Elsevier

Pattern Recognition Letters

Volume 140, December 2020, Pages 43-48
Pattern Recognition Letters

Simultaneous 3D hand detection and pose estimation using single depth images

https://doi.org/10.1016/j.patrec.2020.09.026Get rights and content

Highlights

  • We proposed to estimate 3D hand pose by simultaneously detecting the hand location.

  • We proposed to use 3D region proposals for hand detection.

  • The proposed method shows competitive results to most existing 3D hand pose estimation methods.

Abstract

In this paper, we investigate 3D hand pose estimation using single depth images. On the one hand, accurate hand localization is a crucial factor for pose estimation. On the other hand, multi-task learning methods have achieved great success in visual recognition tasks. Therefore, in this paper we proposed to simultaneously detect the hand location and estimate its 3D pose in a multi-task learning framework. We used 3D region proposal for 3D pose estimation, which searches possible hand locations in the 3D space. In the experimental part, the proposed method is evaluated on several benchmark datasets and shown it is comparable to most existing 3D hand pose estimation methods.

Introduction

3D hand pose estimation is important with the prevalence of depth cameras, which is the basics for advanced applications, e.g., hand tracking and action recognition [8]. It estimates the coordinates of hand joints in 3D space. In order to compute the 3D hand pose, researchers usually try to first detect accurate hand areas in depth images [9], [20], [26], which is then followed by the pose estimation stage.

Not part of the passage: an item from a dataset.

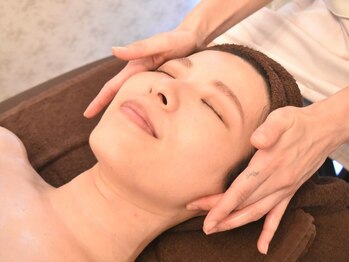 レイ(REI)の写真/大人のエイジング・毛穴・ニキビケアもお任せください！ゆるんだ輪郭をシュッと引き締めたるみ改善★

Hand localization is crucial to 3D hand pose estimation, especially when hand location is unknown in the dynamic environment [14]. Precise hand localization results can boost the accuracy of 3D hand pose estimation, which has been validated in Oberweger and Lepetit [9]. Tompson et al. [20] tried a simple method for hand localization, where a Randomized Decision Forest (RDF) classifier is used to detect the hand area according to the depth value of each pixel. Oberweger and Lepetit [9] recently proposed to use a convolutional neural network (CNN) to refine the hand area from a coarse localization result, which brings a significant improvement to 3D hand pose estimation. Chen et al. [1] used a CNN with the 2D region proposal method to detect 2D joint locations from hand images. Choi et al. [3] assumed the hand is within a certain range to the camera in the depth image. Choi et al. [4] also tried to use a CNN to regress the heatmaps corresponding to the central position of the targets for localization. Sun et al. [16] used a cascaded way to first detect the root hand joint position and then detect the rest hand joints. Tang et al. [19] detected the hand joints in a hierarchical way where joints are organized in a kinematic hierarchy and each joint relies on its ancestors.

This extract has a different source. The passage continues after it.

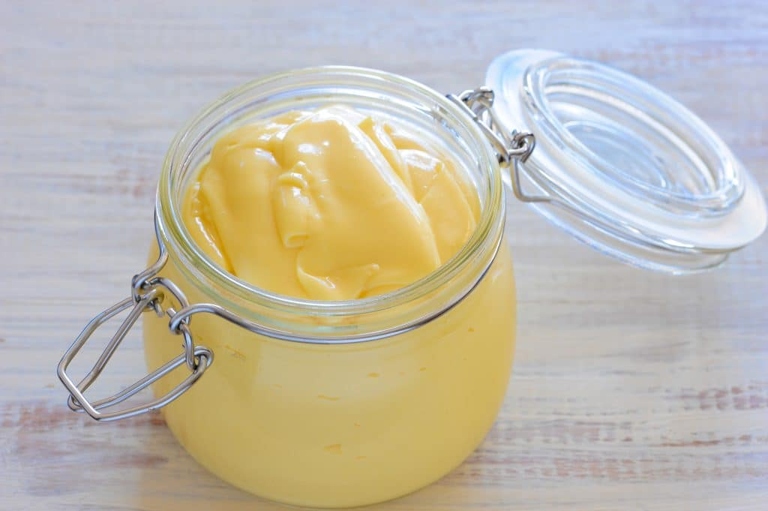 To freeze mayonnaise, simply place it in an airtight container and store it in the freezer for up to two months.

3D hand pose estimation has been researched for several years. Given the hand location in the depth image, various methods have been proposed to estimate the 3D hand pose, i.e., the 3D coordinates of the hand joints. Most works formulate it as a global regression problem [17], [24], and the 3D coordinates of all joints are the regression target. In recent years, CNN is widely used to estimate 3D hand pose. Usually, single joint refinement [10], [24] follows to improve the global regression results. Instead of coordinate regression, Tompson et al. [20] and Ge et al. [5] learned a heatmap for each joint in the image using CNN. In order to capture more details of joints, researchers use the skeleton to characterize the structural information among joints, e.g., [24], [25], [27]. In this paper, for efficiency we only used CNN to directly regress all 3D joint coordinates.

Up to now, hand detection and 3D hand pose estimation stages are separated in most existing works. It remains an interesting question for them to be simultaneously considered in a multi-task learning system. In the area of object detection in RGB images, multi-task learning methods have shown their superiority, e.g., the well-known Fast R-CNN [6] and Faster R-CNN [15] methods. In these two methods, not only object detection, but also the region classification are implemented in a system, which has shown better performance than just considering every single task. Inspired by this evidence, we proposed to formulate 3D hand pose estimation in a multi-task learning problem.

In the proposed method, it learns three tasks simultaneously and they are region classification, hand region detection, and 3D hand pose estimation, respectively. Both region classification and hand region detection can help boost the accuracy of 3D hand pose estimation in the multi-task learning framework. These three tasks are performed on hand region proposals from depth images. Currently, few works in 3D hand pose estimation area have investigated hand region proposal generation methods for single depth images. The most related one is [1], where the Faster RCNN method is applied to the feature map of depth image to generate 2D proposals for 2D pose estimation. The difference is they solved different problems, i.e., 2D vs. 3D pose estimation. Chen et al. [1] only predict the 2D joints in the image, whose method cannot be used to predict 3D joints directly, because it lacks the consideration for the coordinate in the depth direction.

We use a CNN model on the whole image for 3D hand pose estimation. We apply a CNN on the whole image and extract local features from the image feature map to represent local regions. With these local features, we detect the hand region in the image by considering the requirement in practice, where hand location is always unknown in images.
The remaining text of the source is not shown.